# Sesssion 12: Final Coding Test

```{contents}

```

In [None]:
from google.colab import drive
drive.mount('/content/drive')

The test is simple enough to complete in 1 hour and 30 minutes. You should time yourself to try it.

## Language Model for Alphabet characters and numbers

As you have experienced, Language Model has the most basic use of representing words by 1 numerical vector so that words with similar semantics will have distances in the vector space close to each other.

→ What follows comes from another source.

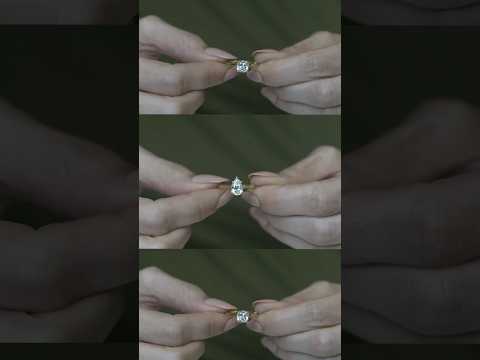 1,2 or 3? #engagementdiamondring #rounddiamonds #diamondring #diamondcut #ring #diamonshape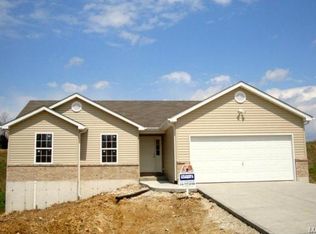 0 The Cypress Model At Twin Pnes, Cedar Hill, MO 63016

Before you start coding, think about what the result of the Language model for alphabetic characters and numbers will be.

**Read the Data**

Our data consists of the titles of 10,000 English articles saved as 1 `list`

In [None]:
import pickle as pkl

with open("/content/drive/MyDrive/Colab Notebooks/ML-intensive/data/problem_1.pkl", "rb") as f:
  data = pkl.load(f)

print(data[0:10])

In [None]:
data

**Approach**

We will build 1 Language Model **very basic** by doing the following:
- Use the Embedding layer to create a representation of each word in the dataset
- Update the weight for the Embedding layer through the problem **"Predict the next character with the input of 1 unique character in front"** (multi-label classification problem, the number of labels is the number of unique characters appearing in the dataset)

Therefore, from the above text, we need to build a dataset with `x` as 1 character and `y` as the adjacent character immediately after.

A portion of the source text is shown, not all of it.